On the plane I found myself sitting next to a fellow conference attendee from a small college in Iowa. Being two Blackboard admins, there was at least things to talk about. I also read some. (I’d finally managed to acquire William Gibsons new novel, Pattern Recognition, from the public library on Wednesday so I brought it with me.) It was a quick flight.

I grabbed a shuttle from Baltimore Washington International airport to the Baltimore Marriott Waterfront hotel, where I’m staying. All i’ve done since checking in is a) get the internet happening and b) eat some dinner. The internet hookup here turns out to be dial-up. Yes I’m horrified. Dinner turned out better; I walked around a bit in downtown Baltimore and found myself in “little Italy.” I picked a place at random and had some very good lasagne.

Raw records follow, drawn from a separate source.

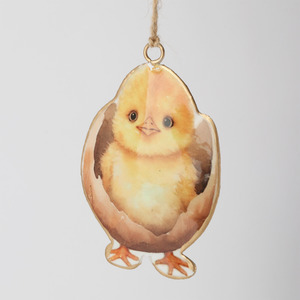 Le Forge Vintage Chicken Egg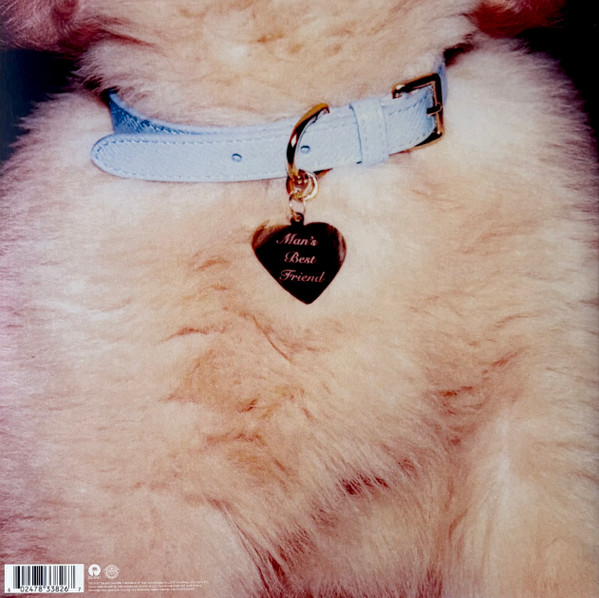 Sabrina Carpenter - Man's Best Friend | Island Records (602478316616) - 3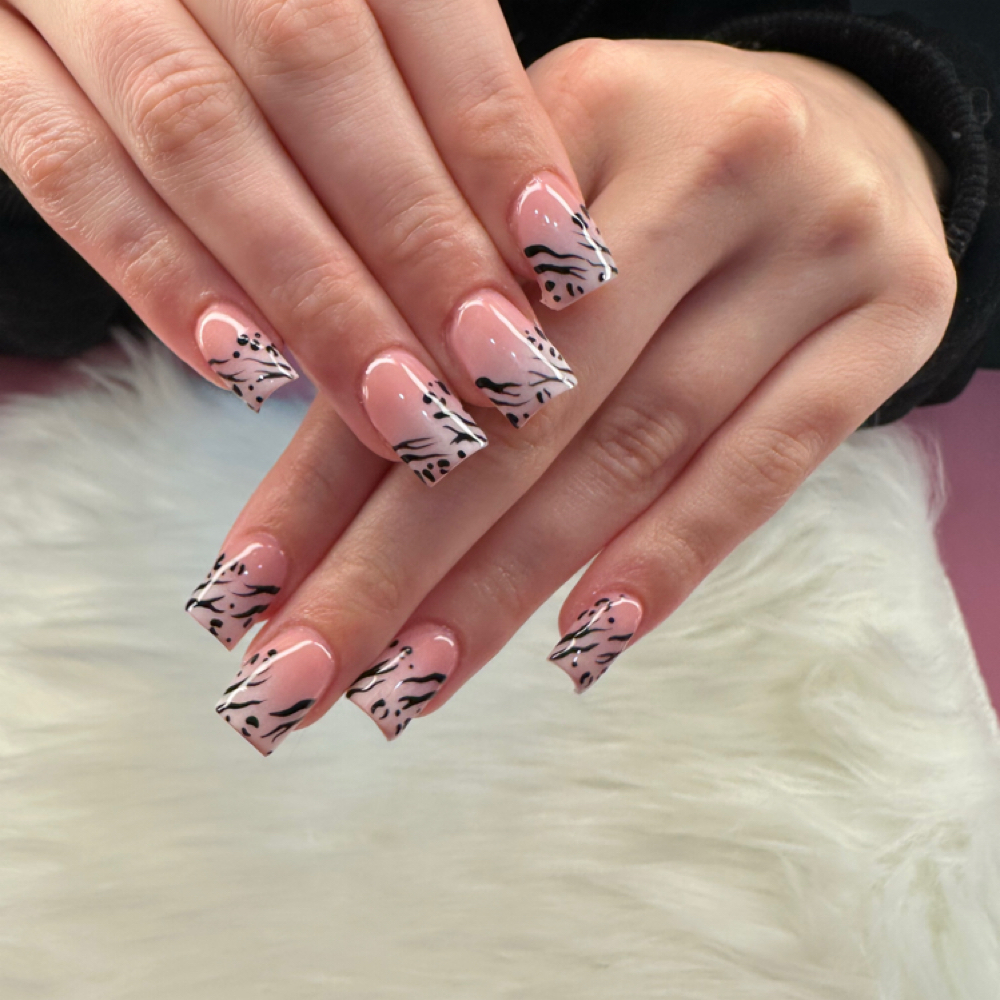 Acrylic Fill at kaydi book in topeka, KS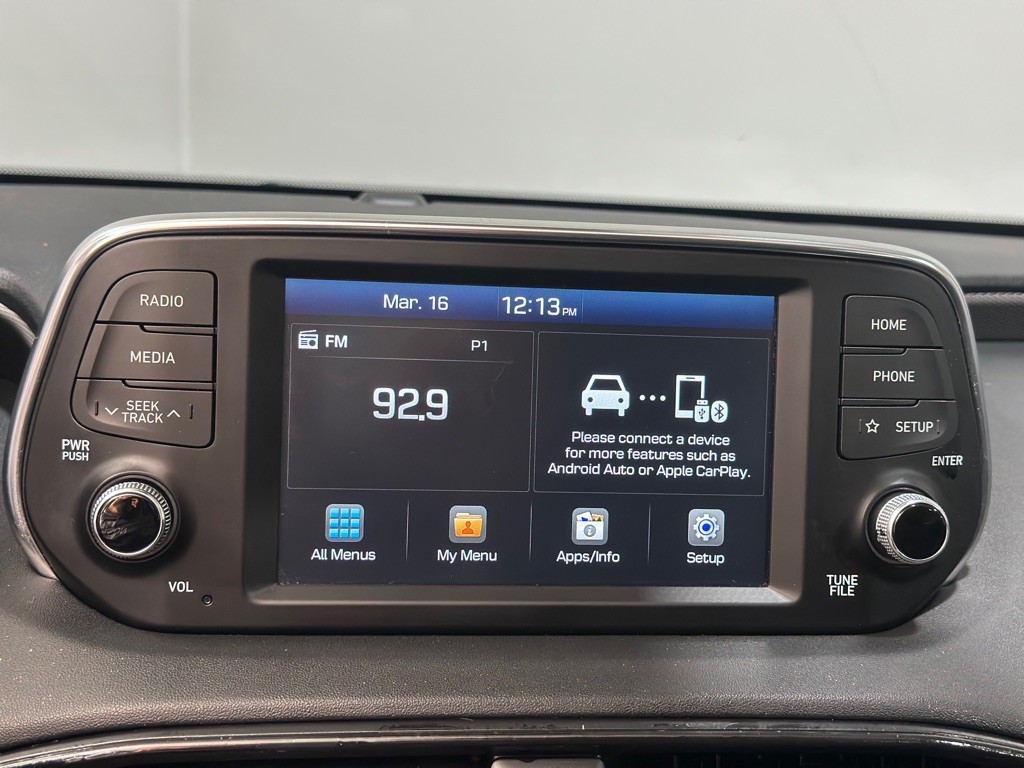 2020 Hyundai Santa Fe Image 16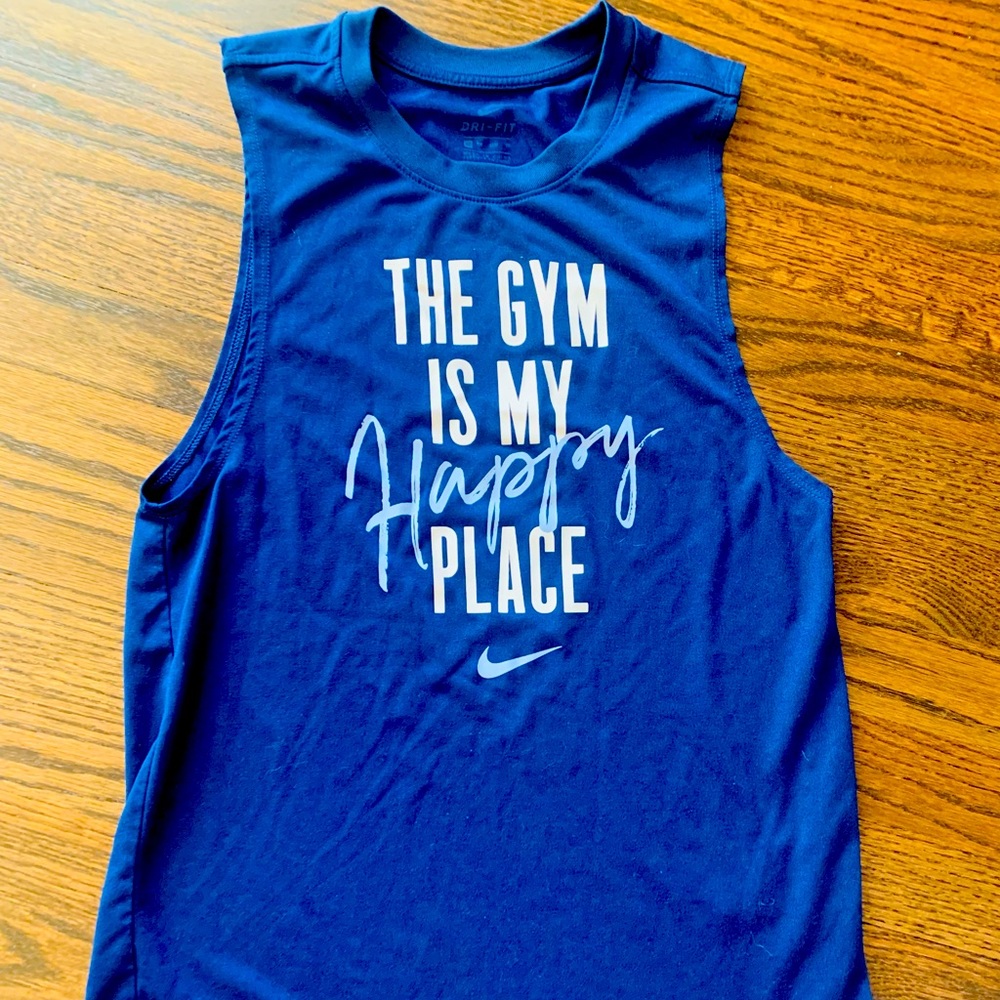 Nike shirt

Now I’m going to read my book and get a good night sleep. More tomorrow!

h1

Plastic Pal

February 23, 2003

You may know that I’m big into the slashdot community (my karma is “excellent” 🙂 The other day, though, I must have been tired because instead of typing “slashdot” into the address field of my browser, I typed it into its Google search field. The resulting page of results was interesting. Of partcular note was the quirkly little page entitled “Quit Slashdot.org Today!

I didn’t hang around quite long enough to figure out what the author’s main issue was, but he did have an interesting section called “Alternatives to Slashdot”. That’s what led me to plastic.com.

The verdict: plastic is cool! It’s like slashdot only for a general audience instead of just for techies. And you don’t have quite as many l33t h4x0r$ spouting nonsense and adolescent angst all over the site.

So check out plastic.com. And if you like it, make me one of your plastic pals!